My Hoi An memory, 1994
I kind of drifted out of the habit over time though, just as many readers drifted out of the habit of using RSS readers when Google unceremoniously killed theirs off. I’m jumping back into the fold this week. I’ve run across more good posts on Southeast Asia than other places, so I’m going to stick to one region this time around.
Hoi An is not some quaint Vietnamese town. The always reliably cynical Brian Spencer gives an example of the b.s. descriptions of Hoi An, Vietnam that you’ll often read in guidebooks and magazines, then talks about what it’s really like on your average night. Like many places around the world where people keep repeating long-gone characteristics (remote guidebook updating doesn’t help), it’s time to call a spade a spade. Or a dong a dong. This is a tourist trap now, so just accept that before arrival and roll with it.

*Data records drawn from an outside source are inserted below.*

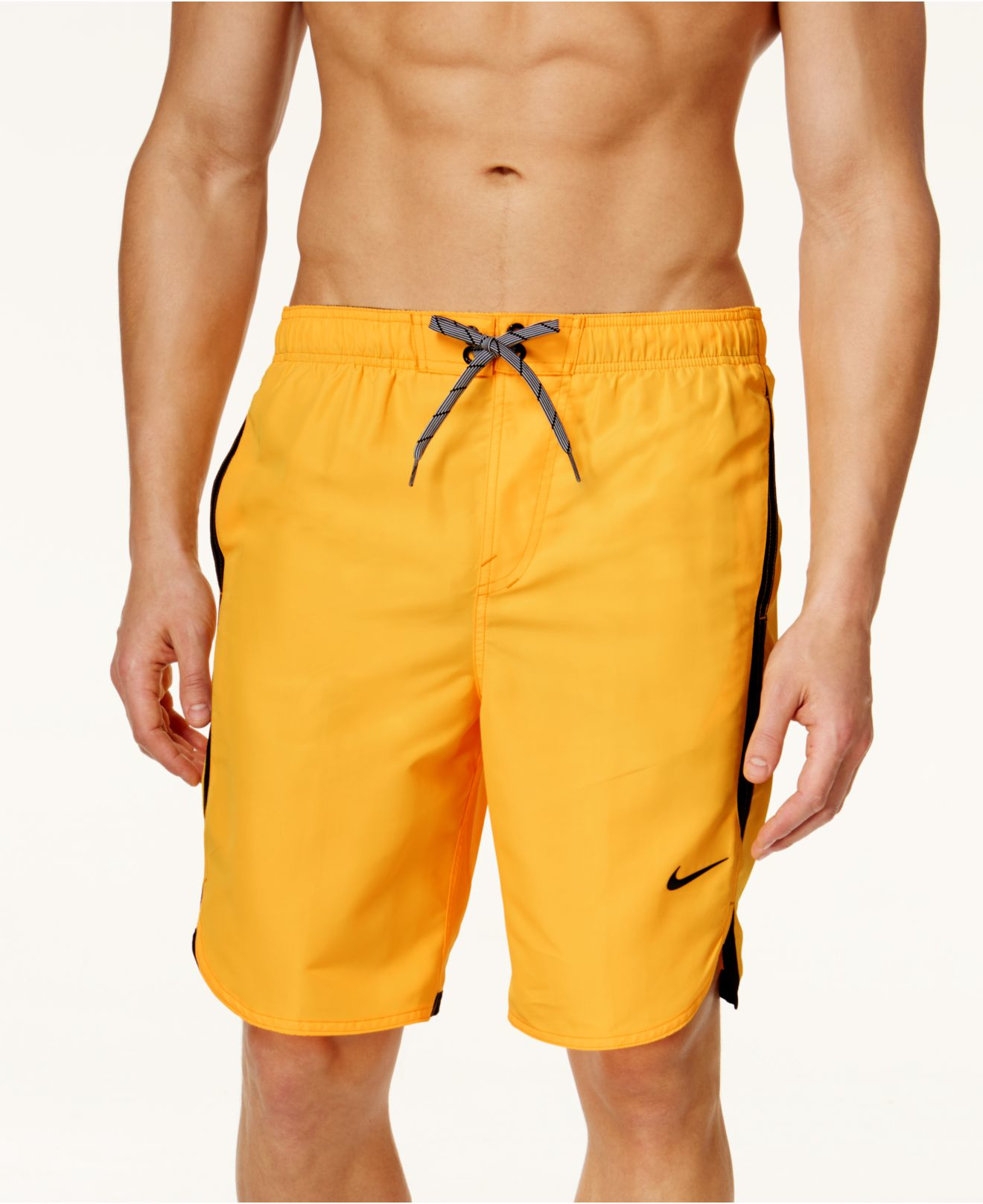 yellow nike swim trunks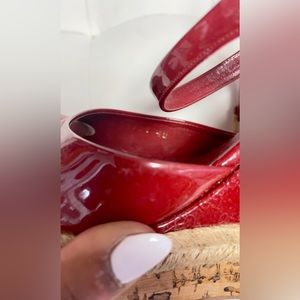 A pair of gently worn red authentic Gucci Patton, leather women’s size 40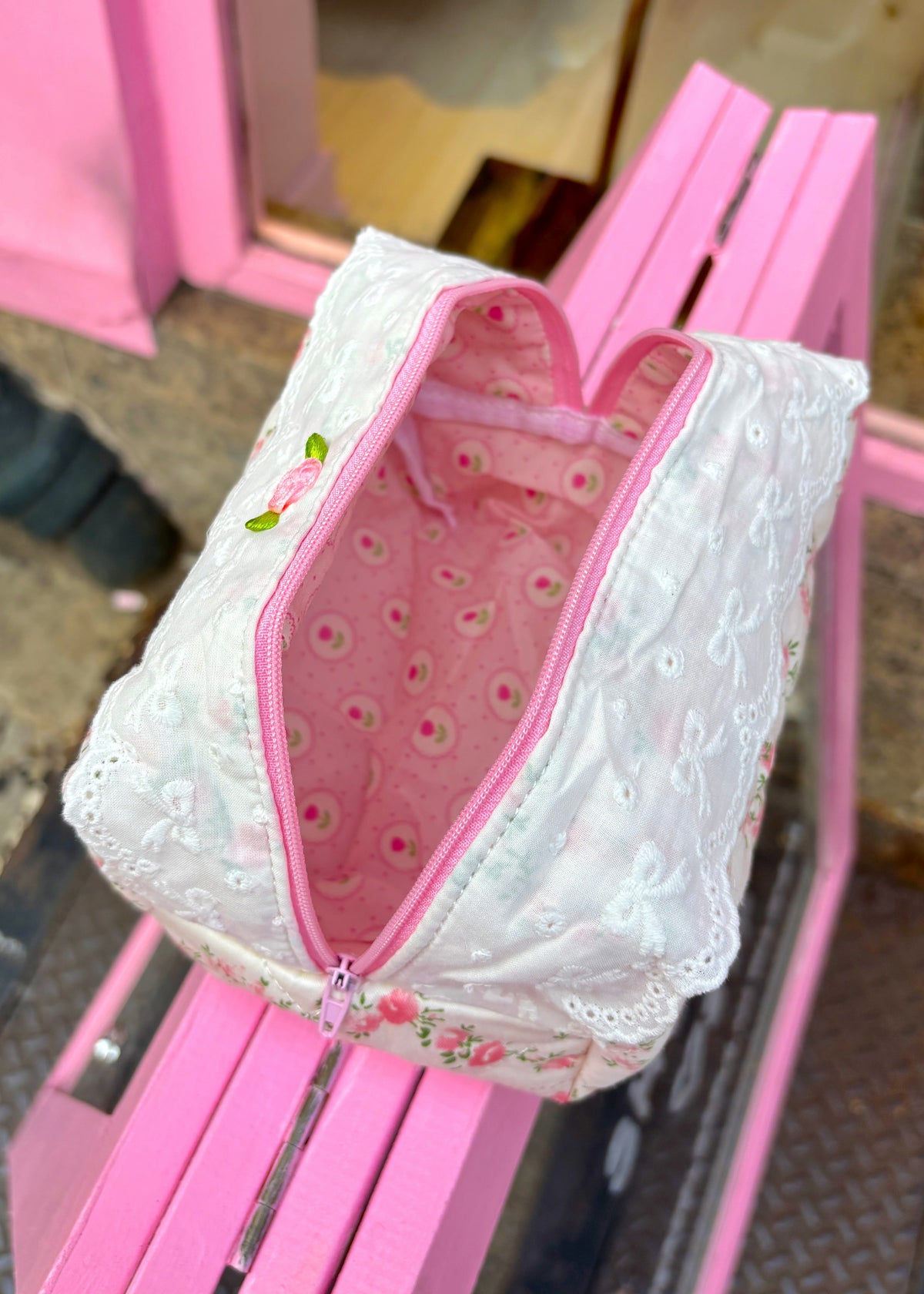 Bows On Florals Makeup Bag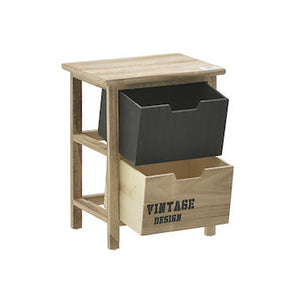 Natural Black Wooden Cabinet (44 cm)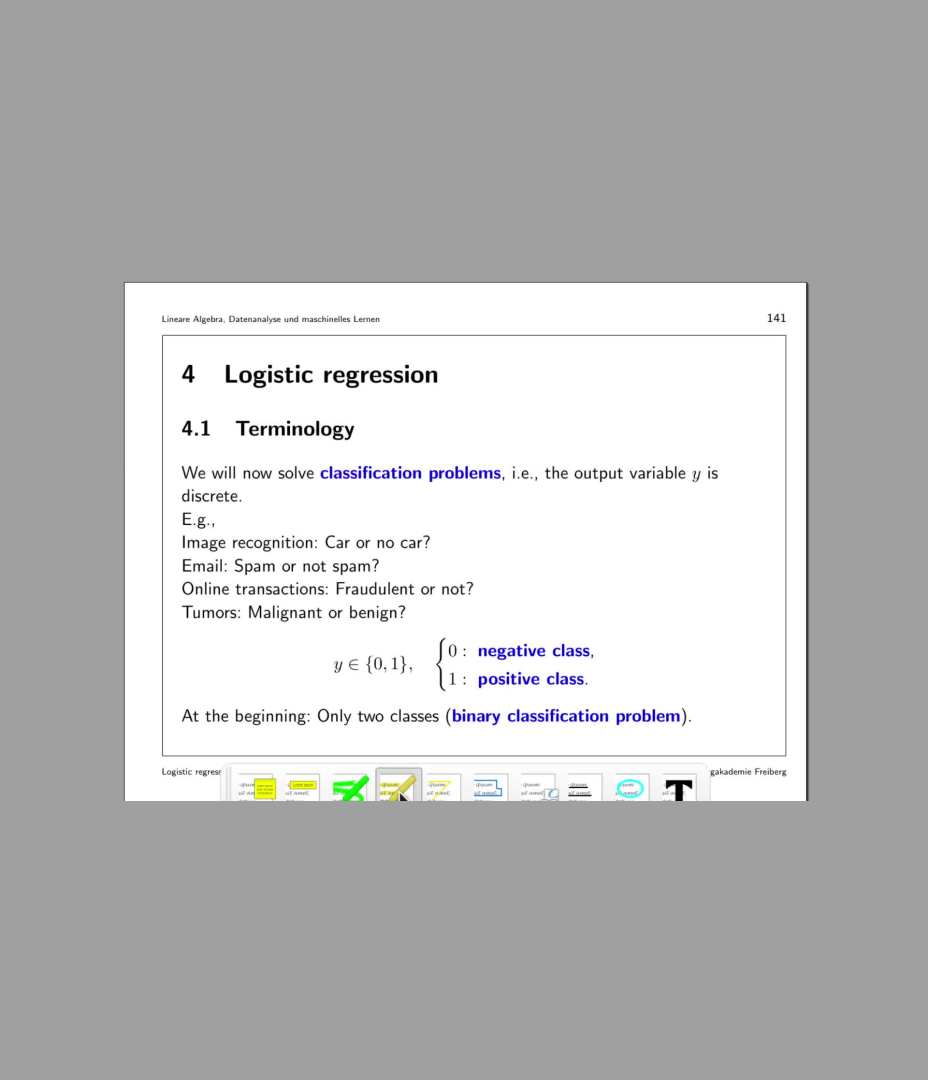 Lineare Algebra, Datenanalyse und Maschinelles Lernen Video 17 Logistische Regression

Speaking of outdated expectations, Laos isn’t so cheap anymore, says Nomadic Matt. At least not compared to its neighbors. This is kind of a mystery since before it got popular it was the clear rock-bottom option. The theory seems to be it’s because it’s a landlocked country, China trade is drying up, and they have to import so much. Whatever the reason, he gives a great detailed rundown of prices from three weeks in the country and says a solo traveler should budget at least $20 a day now, probably more like $35 to be comfortable if you’re moving around.
“Cheap is relative. Cheap is an amount that’s only comparable to what is sitting in your bank account.” So says Chantae Reden when she discovers the difference between the Phnom Penh Night Market listed in her Lonely Planet book and the one she stumbles into by accident later. Hint: one has the words “Night Market” in neon in English…and smells better.
The couple behind Grantourismo spends a lot of time in Cambodia and a lot of time in kitchens. So although I haven’t heard of a single one on their list of the best cooking schools in the world and I doubt they’ve actually tried every cooking school in every country, I’d trust their recommendations. Their list is probably 10 times more informed than the magazine listicles thrown together by some junior editor in a cubicle in New York City. Four of the cooking schools are in Southeast Asia.
If you are a traveler in Malaysia, you will probably end up in Penang at some point. Here’s where a local says to go to try the typical local breakfast there: Roti Bakar.
In case you missed it, here’s a great story from James Dorsey on the bizarre bamboo train in rural Cambodia. There’s only one class and it’s “Hold on for your life!”
This well-researched article from Jodi of LegalNomads is about the spread of chili peppers around the world so it’s not really about Southeast Asia, but where would Thai food be without chilies?